··· Data in this exercise
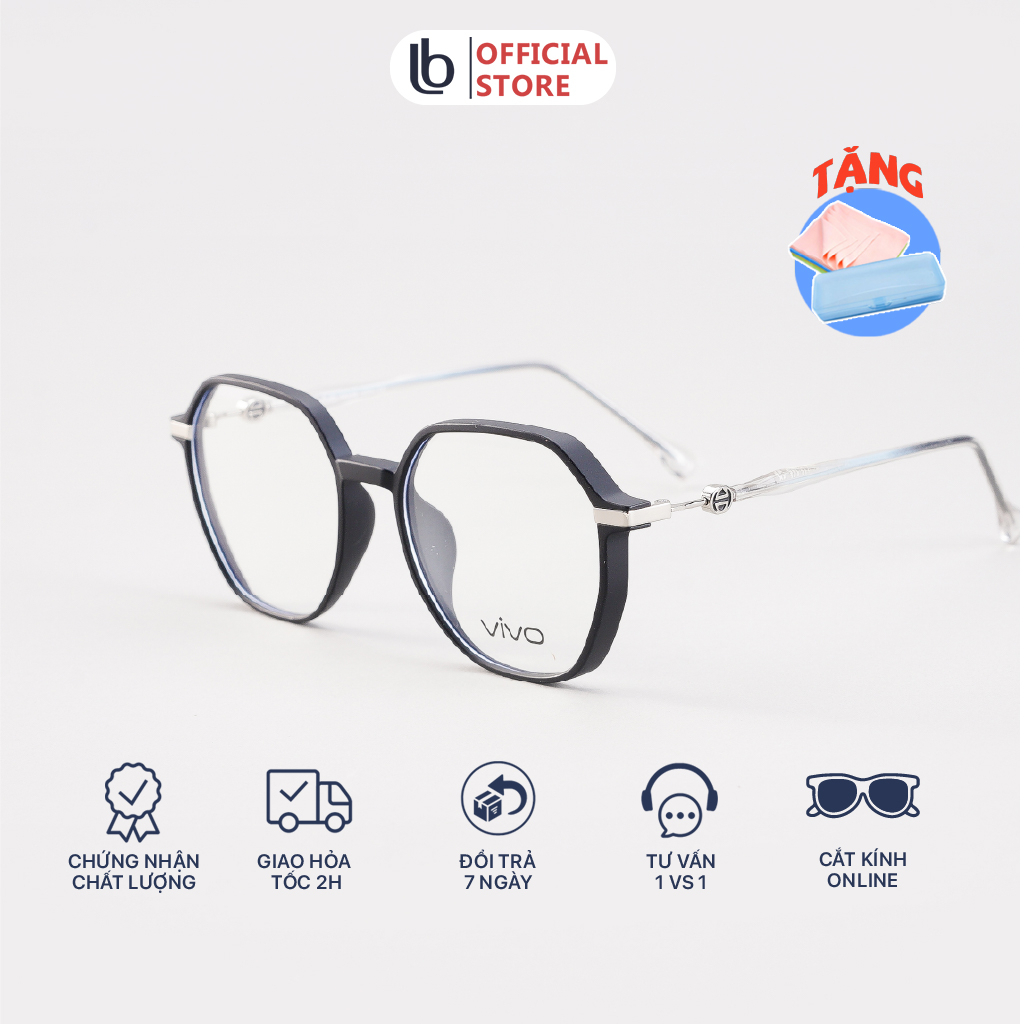 Gọng kính mắt Lục giác LB Eyewear UV 82 741 Nhựa mềm - Đen, hồng, cam, trong suốt, xám, tím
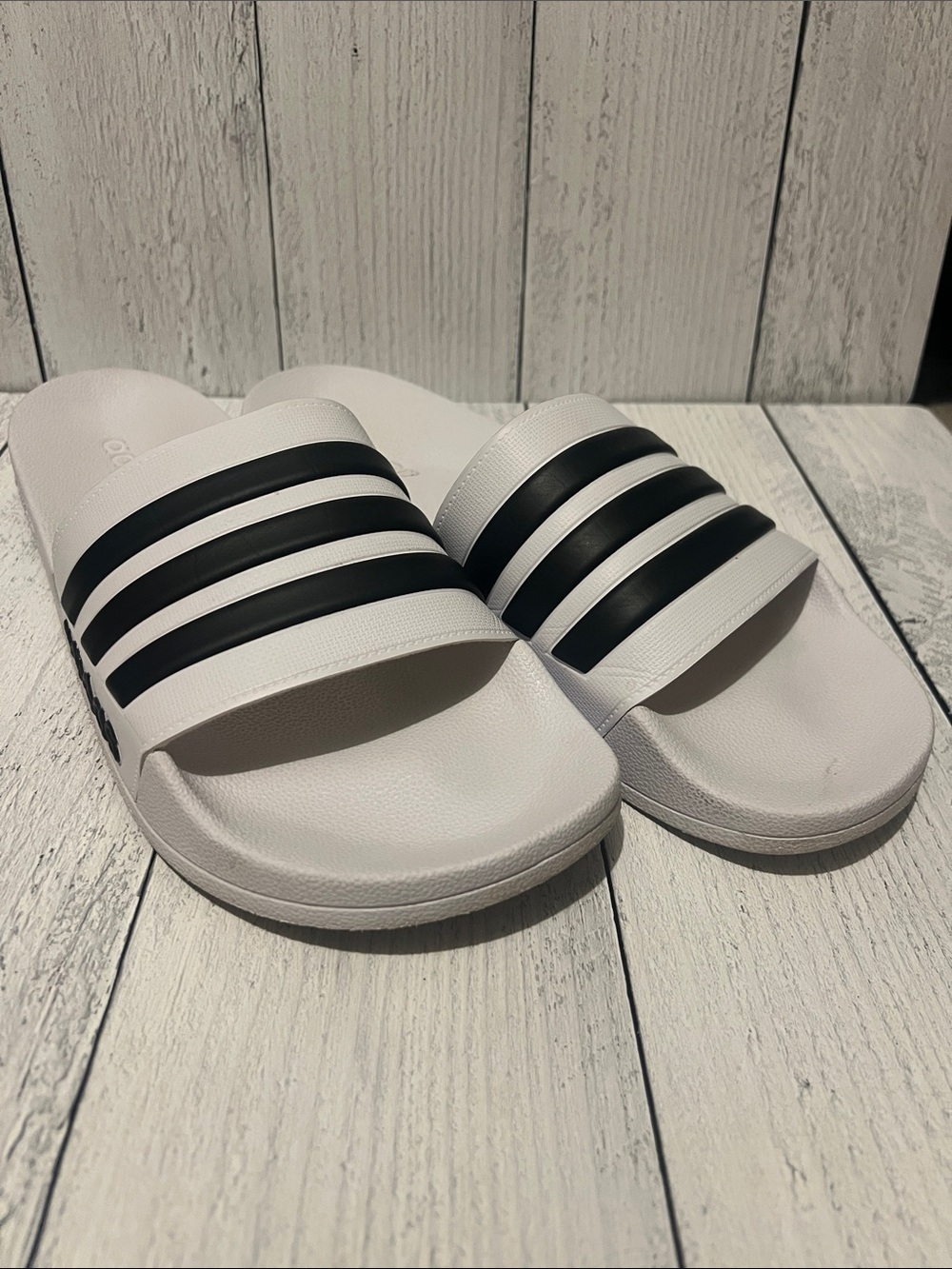 Adidas White Slide Sandals with Black Stripes - Classic Slip-On - Picture 2 of 7
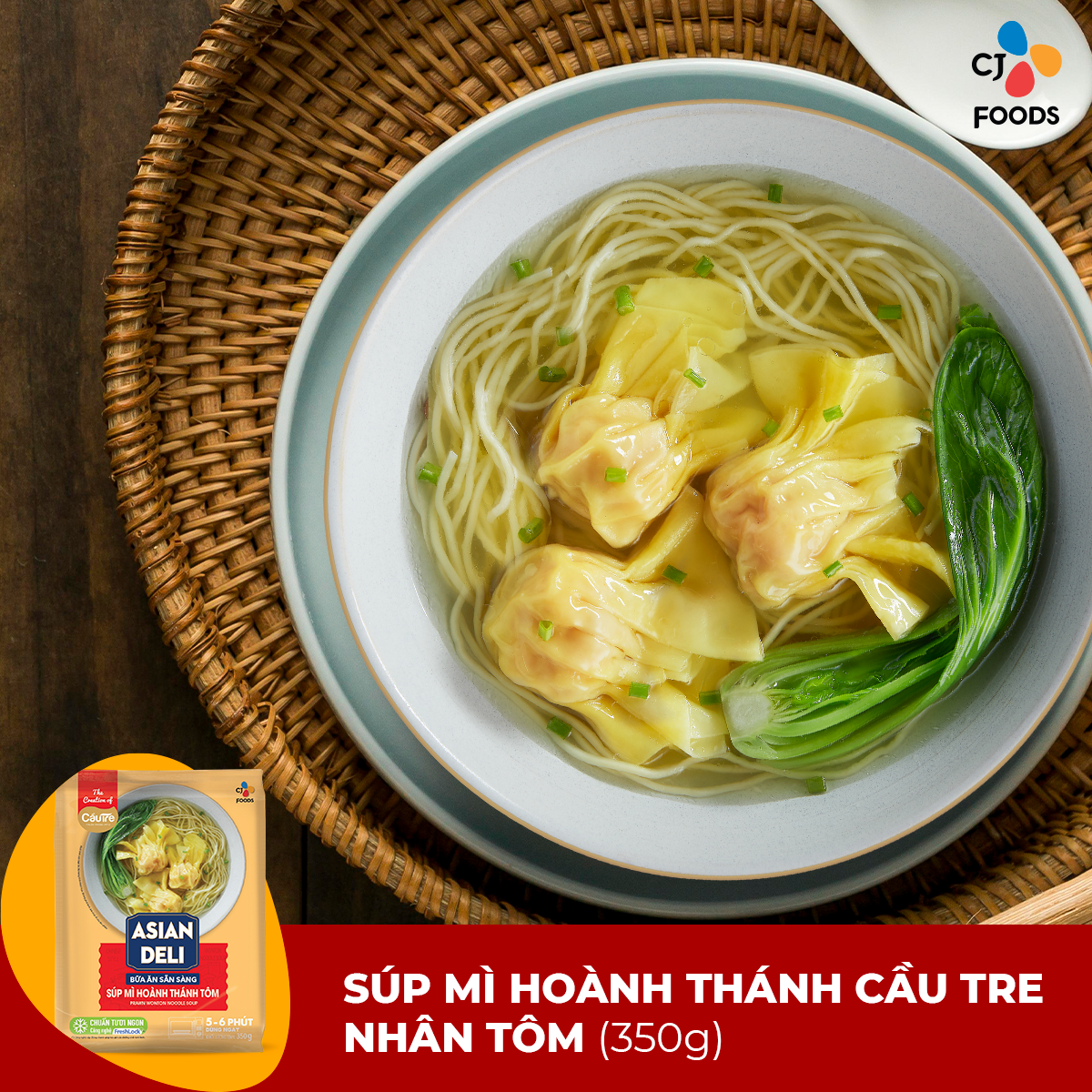 Súp mì hoành thánh tôm cầu tre - tô 350g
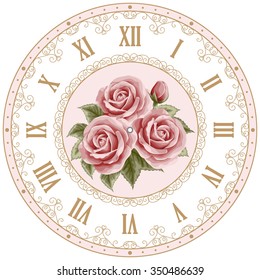 Vintage clock face and hand drawn colorful roses   curly design elements  Shabby chic vector illustration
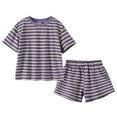 thumbnail image 2 of Delliss Girls 2 Piece Outfit Summer Striped Print Short Sleeve Loose Fit T-Shirt and Shorts Set Casual Activewear Sweatshirt, 2 of 9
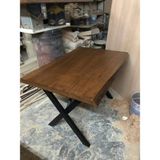 Bintaş Mobilya Doğal Kenar Kütük Masa Gürgen Ağacı Ceviz Rengi 120X80.CM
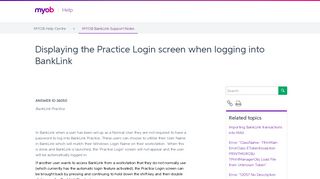 Displaying the Practice Login screen when logging into BankLink ...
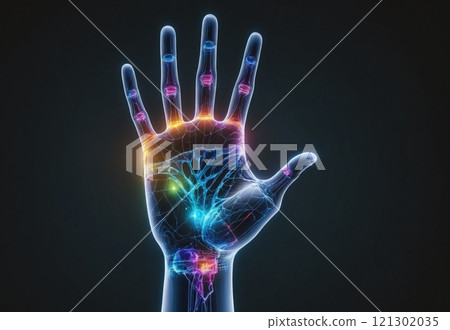 hologram of hand on black background. Futuristic transformation of technology 121302035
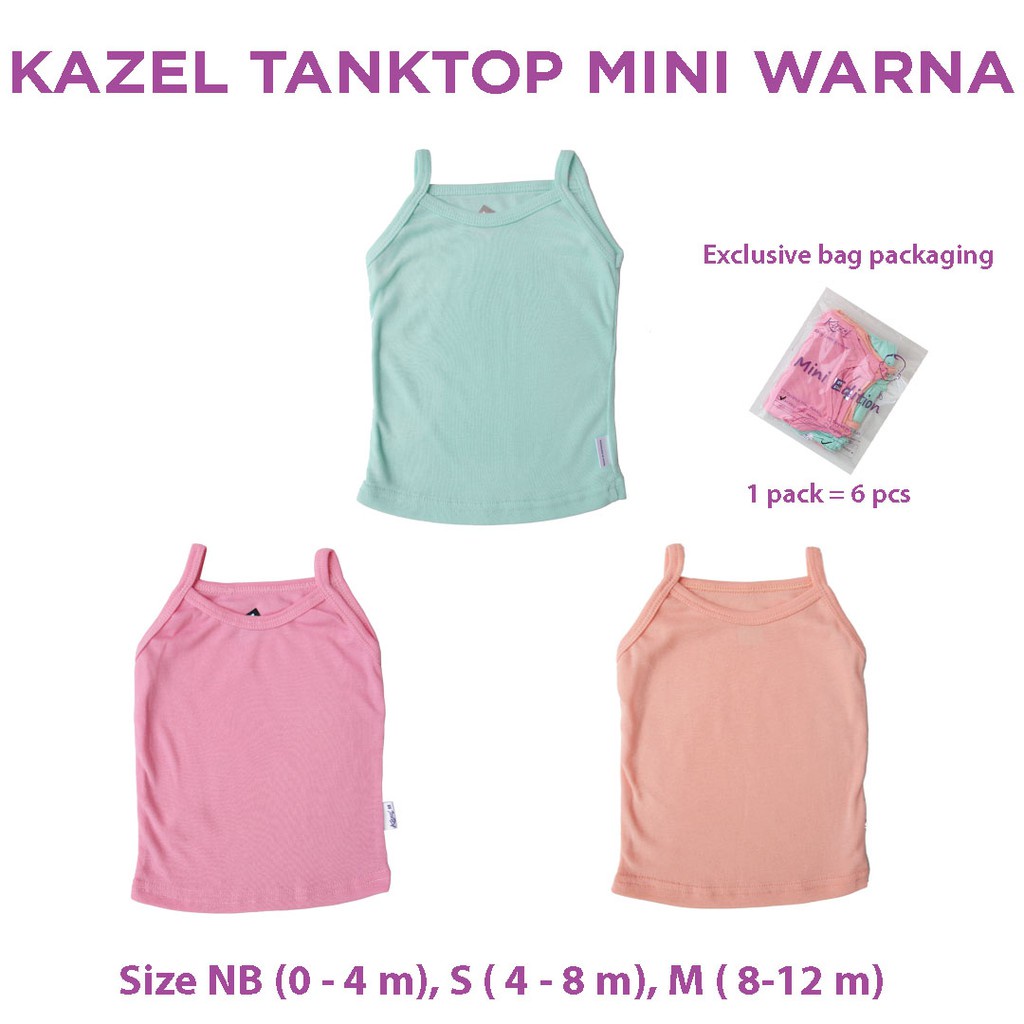 KAZEL SINGLET - Kazel Tanktop Dalam Warna 0-5 Tahun isi 3Pcs/ Tanktop Warna Anak Perempuan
······
Starting at the line that holds "Displaying the Practice", retype every line through the end of the data, both ends included. Pictures stay out of the copy.

Response to this exercise –
 Displaying the Practice Login screen when logging into BankLink ...
 hologram of hand on black background. Futuristic transformation of technology 121302035
 KAZEL SINGLET - Kazel Tanktop Dalam Warna 0-5 Tahun isi 3Pcs/ Tanktop Warna Anak Perempuan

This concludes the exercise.